Most people have a good idea what they want before they make they start taking inquiries. Jobs may change slightly, but major changes should be a big warning flag, especially repeated ones.
If a client doesn’t know what they want and can’t lock it down timely in a contract, then that sets the stage for legal disputes later as both sides argue about what they other said they wanted and agreed to.
But the worst part is that the time spent figuring out what the client wants is unpaid work. Since most freelance writers a paid on delivery, you don’t get paid for the hours spent waiting for a client to make up their mind, making it a very bad deal in every regard.
Even in tough times, there are some clients that just aren’t worth it. They will sap your time, drag you into legal disputes and refuse to pay you. If there is money to be made, they simply aren’t worth it. You’ll be happier and wealthier as a freelancer if you skip these clients.
That being said, it is important to realize that the majority of clients are good, honest and will help enrich your careers in many different ways. The minority of clients that will be a problem, for most writers, is very small.
However, it only takes one or two bad clients to sink an otherwise great freelancer so take a moment to understand some of the warning signs when dealing with a new client and, when necessary, bow out gracefully, before things turn ugly.
For those who are interested, I will be participating in a FWJ-sponsored tweet chat today, March 4, 2011, at 2 PM ET. Just follow and use the hashtag #FreelanceWJ to participate. We will be covering a variety of topics about law and freelance writing as well as any other freelance writing questions.
Have a question about the law and freelance writing? Either leave a comment below or contact me directly if you wish to keep the information private (However, please mention that it is a suggestion for Freelance Writing Jobs). This column will be determined largely by your suggestions and questions so let me know what you want to know about.

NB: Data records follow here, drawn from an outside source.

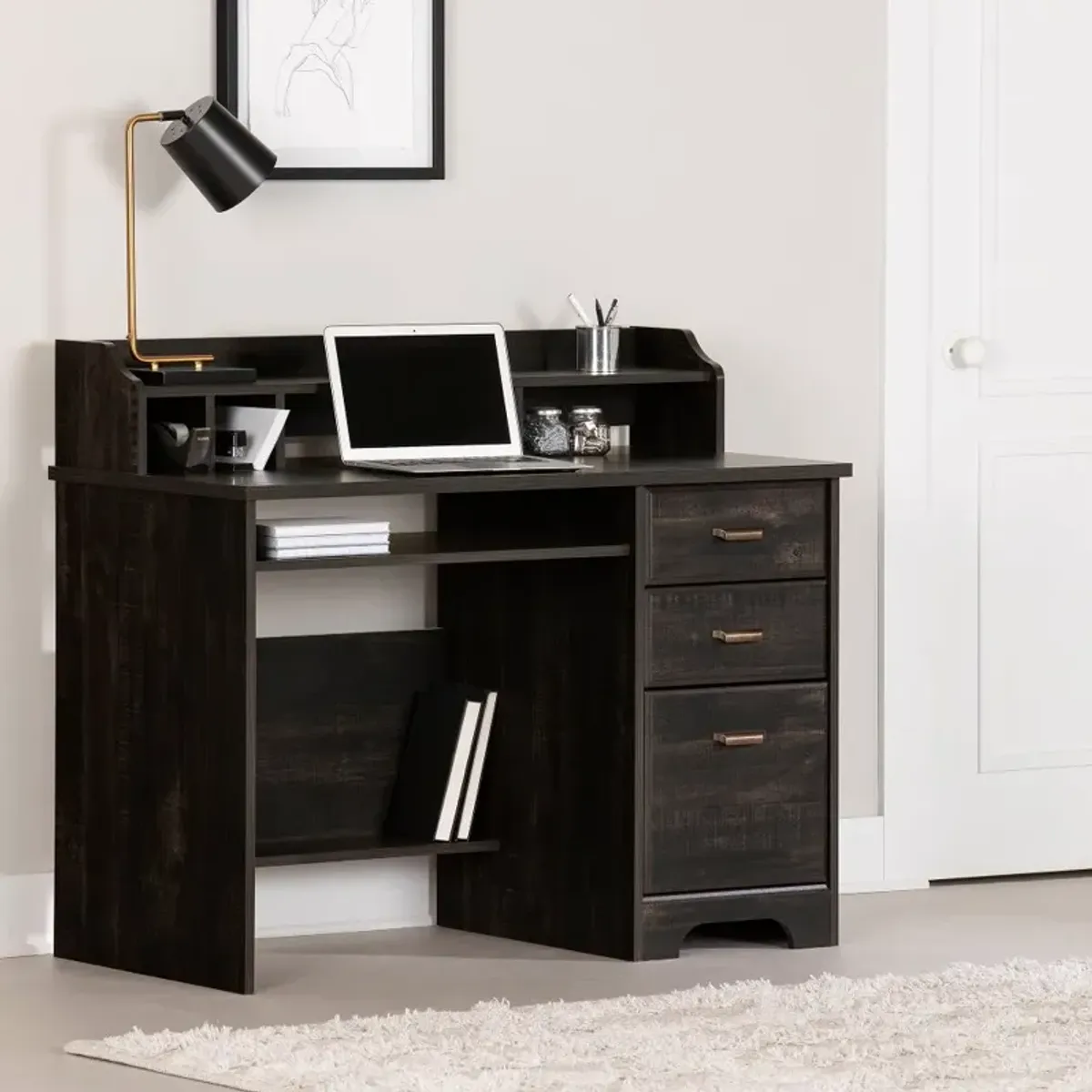 Versa Black Computer Desk with Hutch - South Shore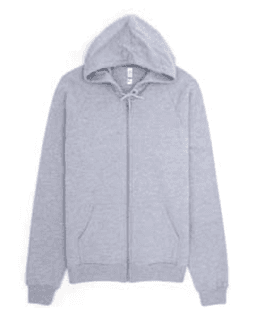 Sample of American Apparel 5497 Unisex California Fleece Zip Hoodie in HEATHER GREY from side front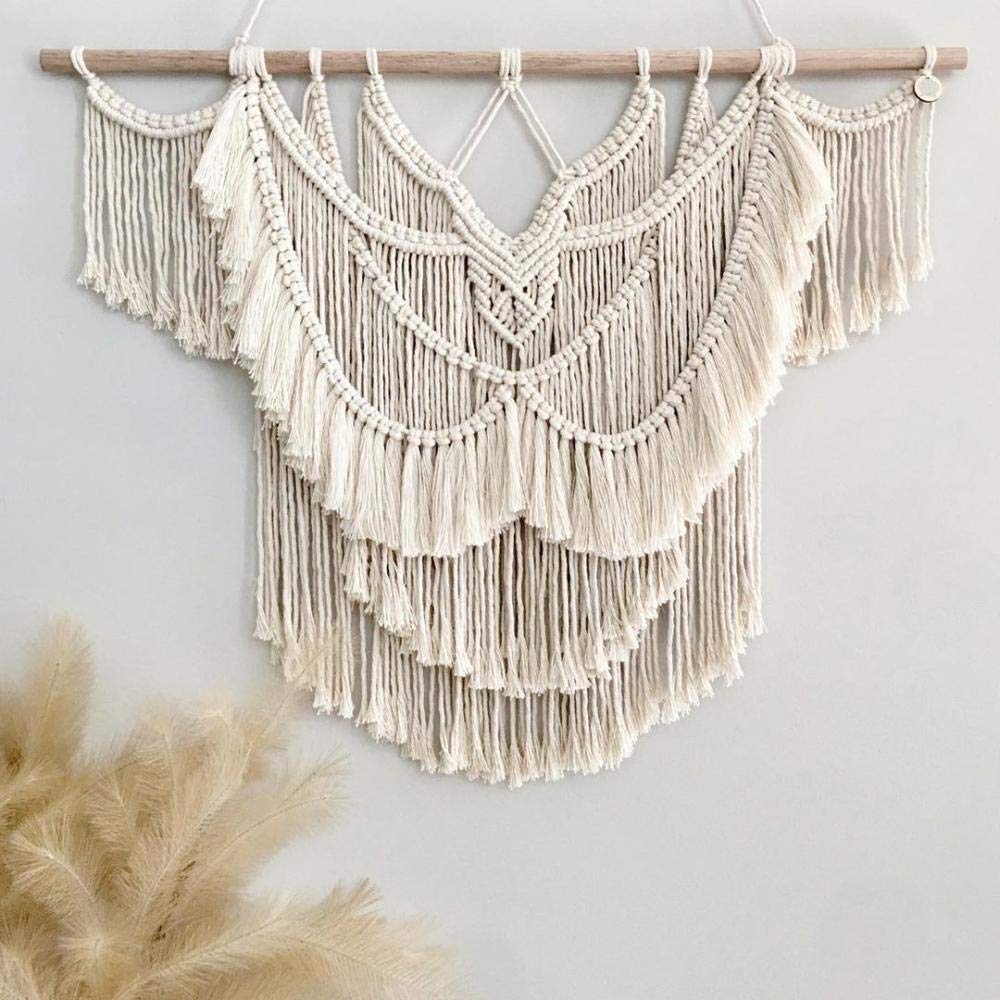 Gran Pared Colgante Macramé Decoración de Paredes Bohemias Tapiz de Macramé Encima de la Cabecera Tapices Tejidostelón de Cortina de Boda de macramé,110cm (Anchura) X 85cm (Longitud)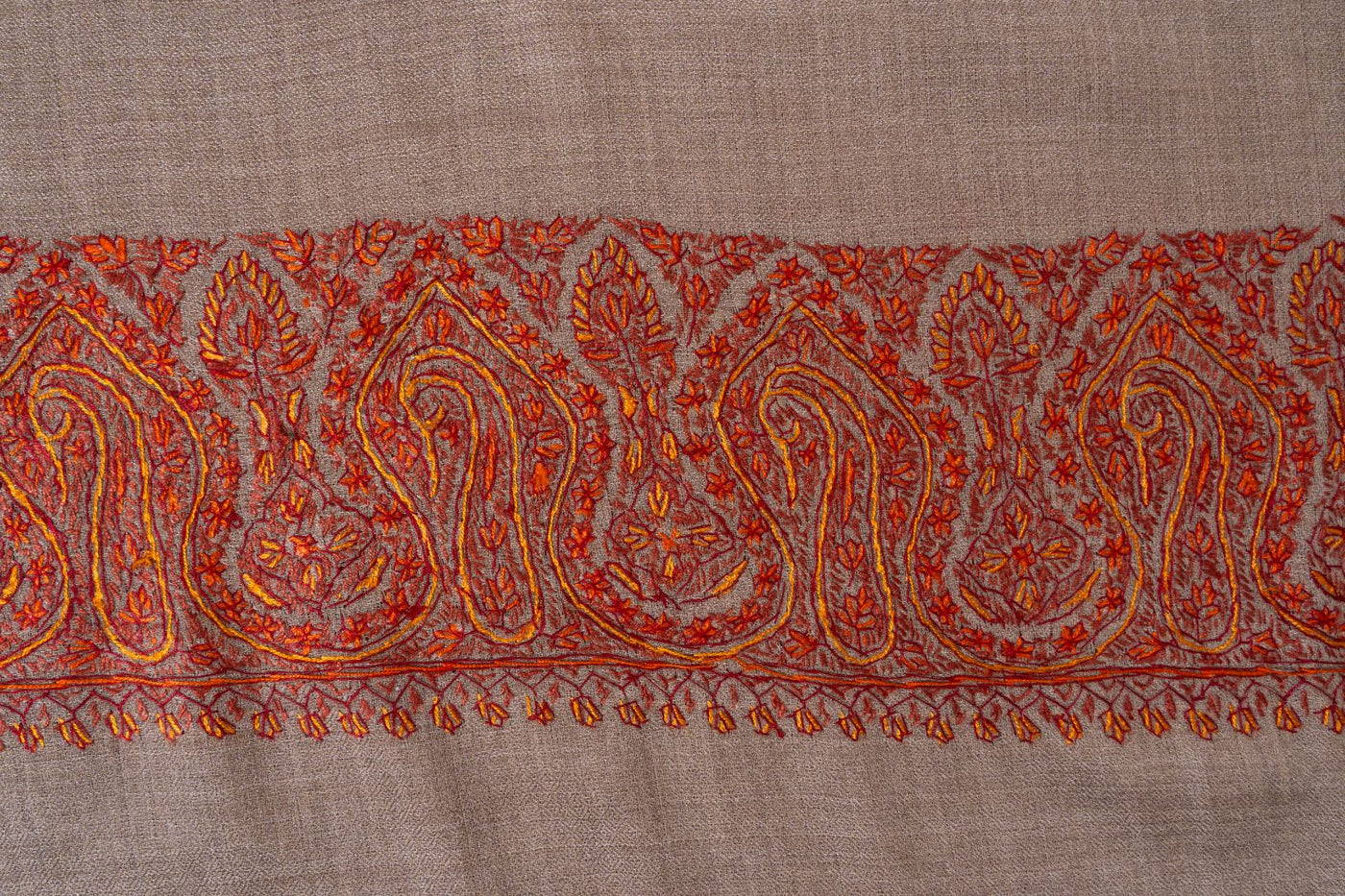 2.5 Yards | Surkh Gul — Sozni Hand-Embroidered Shawl in Classic Beige
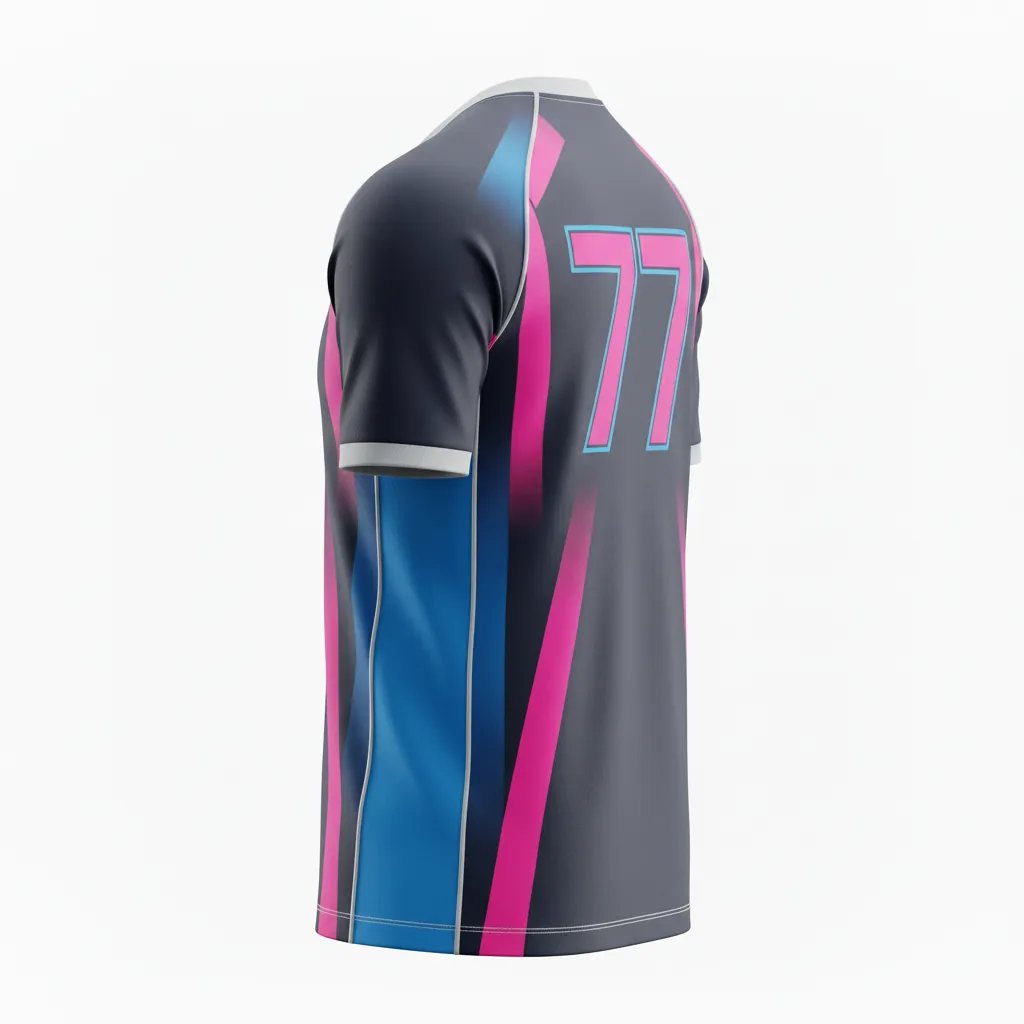 Custom Esports Esports Jersey - Pink, Blue - Pro All Blacks Hot Electric - Back View - Kinexa Sportswear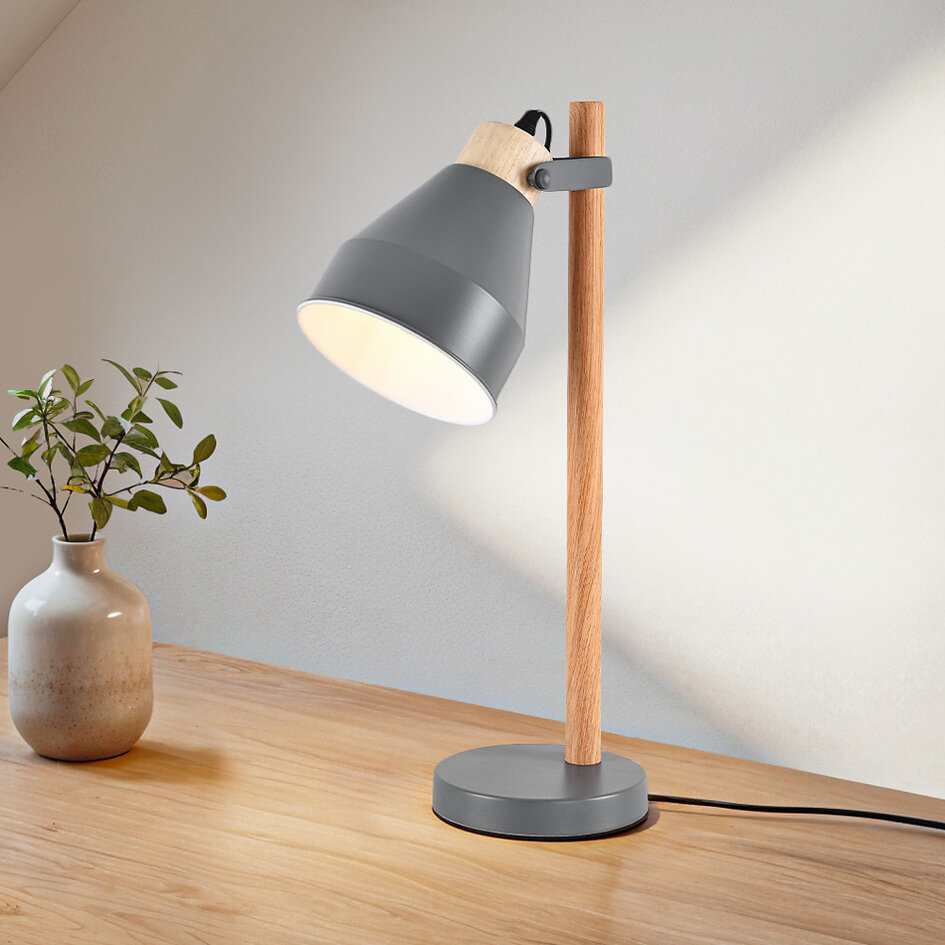 Lampe de table avec abat-jour inclinable et détails en bois - Cally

I am not an attorney and nothing in this article should be taken as legal advice.
2. The Squeamish Payer
This is what I experienced working with. The client was all praises until I asked for my pay. I suddenly became an incompetent writer to the client.
Ohh the same happened to me too!!!
James Tennant says
Haha, the same thing happened to me.
All of the work was fantastic, then when payment was required I was told that “editing had to be done”. Of course, I have checked the site since and no editing has been done to the copy I sent. I got the full payment too, but I wont be doing any work for them again. It took over a month to get paid after the work was accepted…and plenty of back and forth.
My client got into a circumstance that makes me her pardonable so I like to give her another chance.
Unfortunately, these five categories account for at least 90% of the freelance clients out there now. (Some actually fit multiple categories.) Game playing has become the norm in American business.
Wendy L says
I thought this was excellent advice and wanted to share it with my writers group. How do I get permission to reprint this in our newsletter? My email to you bounced back. Thanks!
Roxane Horton says
Hi, I had an experience recently where
the client wanted me to sign a contract such that I would be personally liable for any defamation action brought against anything I wrote. I wouldn’t have had a problem with this, except that the client used to regularly amend my writing so that it was often more inflammatory than my original (it was a political analysis website). Acting on legal advice I refuse to sign the contract and they stopped employing me. I’d be interested to know if it commonplace for clients to try to contract out of defamation? In print, the publisher holds ultimate responsibility for whatever they print. Why shouldn’t the same be true of web publications?